Honours Project: Critical Reflection

2015
04
May
2:59 pm

Going into fourth year and setting my own brief was a fairly daunting experience. My early concepts were mostly focused around the community and skill sharing. There were quite a few factors which influenced me to finally settle on the concept that would become Codelight. I was introduced to html and php at a relatively young age and would happily spend hours combing through open source applications and trying to build someone functional form the scraps. But many people I speak to view coding as some kind of arcane process which is completely removed from reality, often because they’ve just not had the opportunity or motivation to experience it or don’t know where to look for useful resources. I wanted to create a place where people could interact in real-time whilst tinkering with what one another had written. Noble intentions aside, I have to admit that the technical challenge in building such a complex, real-time application from the ground up was a major contributing factor in my decision.

 

During development this year I was able to build on some of the principles I employed during our previous designing social networks module which I picked up from developing themes and plugins for wordpress. After putting together an early ‘proof of concept’ prototype, I made a point of forcing myself to overcome the ‘whatever works’ mindset of just throwing things together as they are needed that often comes with the excitement of a new project and create a structured foundation. Although I wish I’d had this reformation earlier in the year and saved myself a lot of heavy refactoring throughout the process, being able to see such a sharp contrast between poor, thrown-together code and a well thought-out, structured application really drove home how much it can speed up development and make implementing new features less painful.

At the start of the year, I considered myself reasonably competent with front-end javascript and was expecting Node to be abstracted or augmented to the point that it would be almost like a completely different thing to the javascript I was familiar with. But after having a slight struggle wrapping my head around Node modules and seeing that they both functioned identically, I began to realize that there were entire dimensions to javascript that I knew nothing about. This realization only deepened once I started using Angular.

Angular uses the same Model-View-Controller pattern that I had aimed to build my application around and was invaluable to developing my understanding of how to implement it. However, I adopted Angular at a relatively late point in the project which limited the extent to which I could put this knowledge into practise in the back end of Codelight. Similar to my late adoption of the MVC for the server, delaying the introduction of Angular resulted in the need for some heavy refactoring due to the fact that Angular’s ‘Model’ requires that Javascript have access to data such as items in a gallery or comments on a page in order to manipulate them and I had focused on serving data inside of the markup where possible to enable indexing by search engines. If I were to start the project from scratch or begin another also using Angular, I’d make sure to have a more exposed API to allow Angular to gather the data in much the same format as it is available to Jade to enable the two to complement one another rather than having angular ‘bolted on’ over the rest of the application.

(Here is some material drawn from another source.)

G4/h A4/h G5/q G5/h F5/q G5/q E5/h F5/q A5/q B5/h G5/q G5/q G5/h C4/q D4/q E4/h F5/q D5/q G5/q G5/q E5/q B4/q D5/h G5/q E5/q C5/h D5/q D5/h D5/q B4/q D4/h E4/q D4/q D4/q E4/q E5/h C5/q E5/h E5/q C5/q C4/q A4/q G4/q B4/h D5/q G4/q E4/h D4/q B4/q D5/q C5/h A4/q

Despite having problems I’d encountered bringing in technologies and architectural patterns late in development, I feel like this was the best way for me personally to learn the technologies and improve. Beyond the fact that the software I used in Codelight was built on Javascript, HTML and CSS, I had never used any of them previously except for one or two small experiments with Node and each came with a distinct learning curve. Angular in particular, which uses two-way data binding to automatically sync HTML elements and their values with variables in javascript to avoid manipulating the DOM directly took a lot of trial and error to get to grips with.

 

Designing the interface was an interesting experience. Graphical design and creating beautiful colour palettes is something that i’ve never had a strong affinity for. So rather than attempting to create an ‘artistically’ beautiful interface, I decided to focus on the more technical elements of the graphical interface and their interactions. During early development, I considered using a framework such as bootstrap to handle some of the heavy lifting for the interface. Eventually I decided against these, partially because such comprehensive frameworks will inevitably have performance overheads which, although small, I couldn’t justify given how many of the elements I’d expected to use. But also because I felt using pre-packaged UI elements would detract from the identity of the application. I spent some time playing with margins and padding, ensuring elements were aligned, fitted together well and didn’t become too cluttered.
Overall, I feel my project was a success. Despite the fact that I pushed myself quite far out of my comfort zone by using the MEAN (MongoDB, Express, Angular, Node) and caused myself a lot of setbacks. During my early planning of the project, I had envisioned a much more broad range of functionality which it would have potentially been possibly to implement if I had focused on simply firing out features. However, I feel like by focusing on a small set of core features, implementing them with best practises and testing them thoroughly with users I’ve improved my skills across the board much more than if I had attempted to poorly build the application to the scale I’d first envisioned. I’ve gained a much greater idea of the development time required for more complex applications which I’m glad I have before entering the professional world.